Qwen2.5-Max: A Large-scale MoE Model Trained on 20 Trillion Tokens

Models & Research

The Engineer

30 Jan 2025 · 3 min read

Training massive models like Qwen2.5-Max on 20 trillion tokens pushes the boundaries of AI scalability, offering new insights into efficient MoE architectures and fine-tuning techniques that could revolutionize natural language processing.

January 28, 2025 · 3 min read · 561 words · By Qwen Team

The quest for more intelligent models often involves scaling both data and model sizes. However, the practical challenges of training extremely large models-whether dense or Mixture-of-Expert (MoE)-remain significant. Recent advancements in this area, such as DeepSeek V3's detailed disclosures, have provided valuable insights. In parallel, we've been developing Qwen2.5-Max, a large-scale MoE model trained on over 20 trillion tokens and further refined with Supervised Fine-Tuning (SFT) and Reinforcement Learning from Human Feedback (RLHF). Today, we're excited to share the performance results of Qwen2.5-Max and announce its availability via Alibaba Cloud's API.

Performance Highlights

Qwen2.5-Max has been evaluated against leading models, both proprietary and open-weight, across a range of benchmarks that are crucial for assessing model intelligence. These include:

MMLU-Pro: College-level knowledge tests
LiveCodeBench: Coding capabilities assessment
LiveBench: General capability evaluation
Arena-Hard: Human preference approximation

We focus on the performance of instruct models, which are suitable for downstream applications like chat and coding. Here’s how Qwen2.5-Max stacks up against state-of-the-art models:

Qwen2.5-Max outperforms DeepSeek V3 in several key benchmarks:
- Arena-Hard: Human preference approximation
- LiveBench: General capability evaluation
- LiveCodeBench: Coding capabilities assessment
- GPQA-Diamond: Knowledge test
Competitive Results:
- Qwen2.5-Max also shows competitive performance in other assessments, including MMLU-Pro.
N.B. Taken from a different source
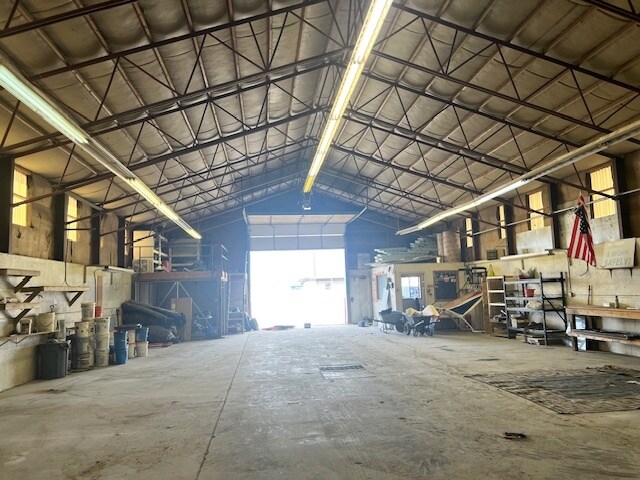 More Photos Of 6626 S Frontage Rd, Billings Flex For Lease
When comparing base models, we face limitations due to proprietary restrictions on models like GPT-4o and Claude-3.5-Sonnet. Therefore, our evaluations include:

Qwen2.5-Max vs. DeepSeek V3
Llama-3.1-405B: The largest open-weight dense model
Qwen2.5-72B: Another top-tier open-weight model

Technical Details and Training Process

Qwen2.5-Max leverages the MoE architecture to efficiently scale to a large number of parameters without incurring excessive computational costs. Key technical details include:

Training Data:
- Pretrained on over 20 trillion tokens
- Post-trained with curated SFT and RLHF methodologies
Model Architecture:
- Utilizes an MoE approach, which dynamically routes inputs to expert sub-networks based on their relevance
- This architecture allows for efficient scaling by distributing the computational load across multiple experts
Quantization:
- Applied quantization techniques to reduce model size and improve inference efficiency without significant loss in performance
Benchmarks:
- MMLU-Pro: College-level knowledge test, evaluating a wide range of subjects
- LiveCodeBench: Assessing coding capabilities through practical tasks
- LiveBench: Comprehensive evaluation of general capabilities, including reasoning and problem-solving
- Arena-Hard: Approximating human preferences in various scenarios

Availability and Future Directions

Qwen2.5-Max is now available via Alibaba Cloud's API, making it accessible for developers and researchers to integrate into their applications. We also invite you to explore Qwen2.5-Max on Qwen Chat for a hands-on experience.

Looking ahead, we will continue to refine and expand Qwen2.5-Max's capabilities, focusing on further improvements in efficiency, performance, and usability. We believe that large-scale MoE models like Qwen2.5-Max represent a significant step forward in the quest for more intelligent AI systems.